XL019 is another selective inhibitor of JAK2 that elicited neurotoxicity in all 30 patients with MF treated with the drug at all dose levels and demonstrated low response rates, halting further development.
There are currently a number of molecules being investigated in combination with JAKi as a way to improve the efficacy and safety of MF treatment.
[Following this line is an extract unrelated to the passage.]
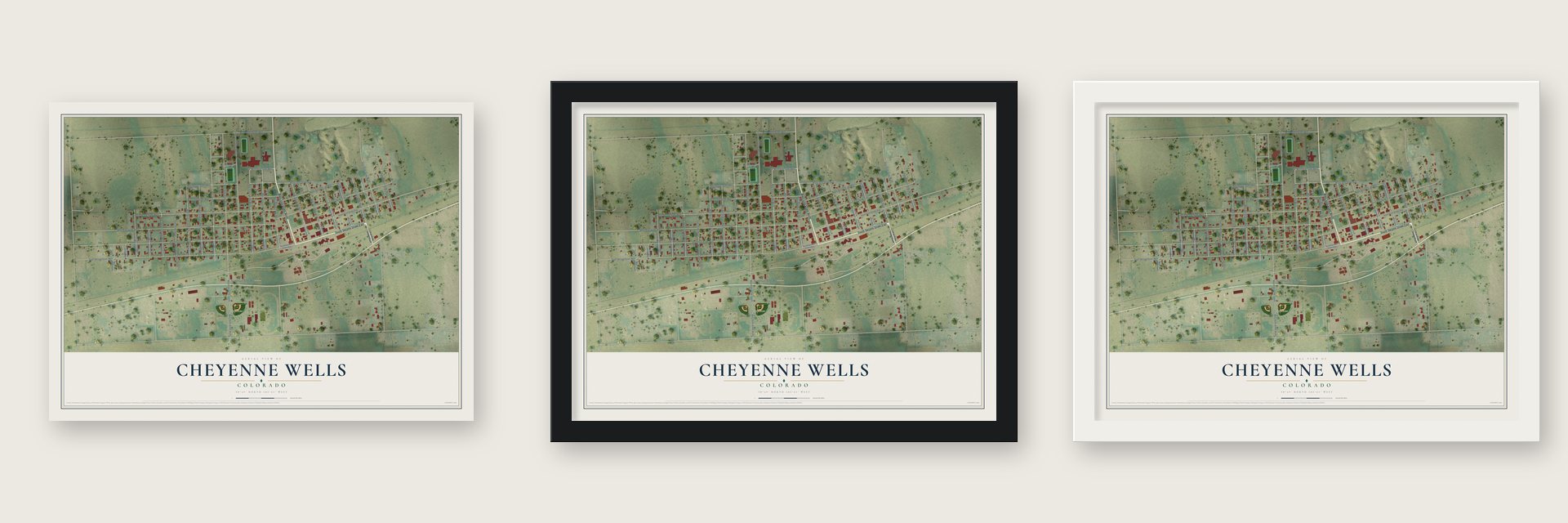 Cheyenne Wells, Colorado map unframed, in a black wood frame and in a white wood frame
Those that have shown benefit in combination with ruxolitinib are listed in Table 2.
Table 2. Molecules that have demonstrated benefit in combination with ruxolitinib*
Class |
Drugs |
---|---|
Hypomethylating agents |
Azacitidine |
Histone deacetylase inhibitors |
Panobinostat |
Bromodomain and extra-terminal domain inhibitors |
CPI-0610 |
B-cell lymphoma 2/xL (Bcl-2/xL) inhibitors |
Navitoclax |
Phosphoinositide 3-kinase (PI3K) inhibitors |
Umbralisib |
Activin receptor ligand trap |
Sotatercept |
Smoothened inhibitors |
Sonidegib |
Recombinant human pentraxin-2 |
PRM-151 |
Interferon alpha |
Pegylated interferon-α2 |
Immunomodulatory agents |
Thalidomide |
*Adapted from Coltro G and Vannucchi AM.1 |
JAKi have revolutionized the treatment of MF, though there are important limitations to treatment with this class of drugs. While most patients experience durable SVR and symptom response, the curative potential of JAK inhibition is limited, as these drugs do not induce meaningful molecular responses. The off-target effects of current JAKi pose another challenge regarding the management of hematological and non-hematological AEs, as well as the other rare but potentially fatal drug-specific AEs discussed here. The management of treatment with JAKi requires an expert knowledge of these risks and the ability to manage dose modifications to limit serious AEs without compromising the benefits of treatment.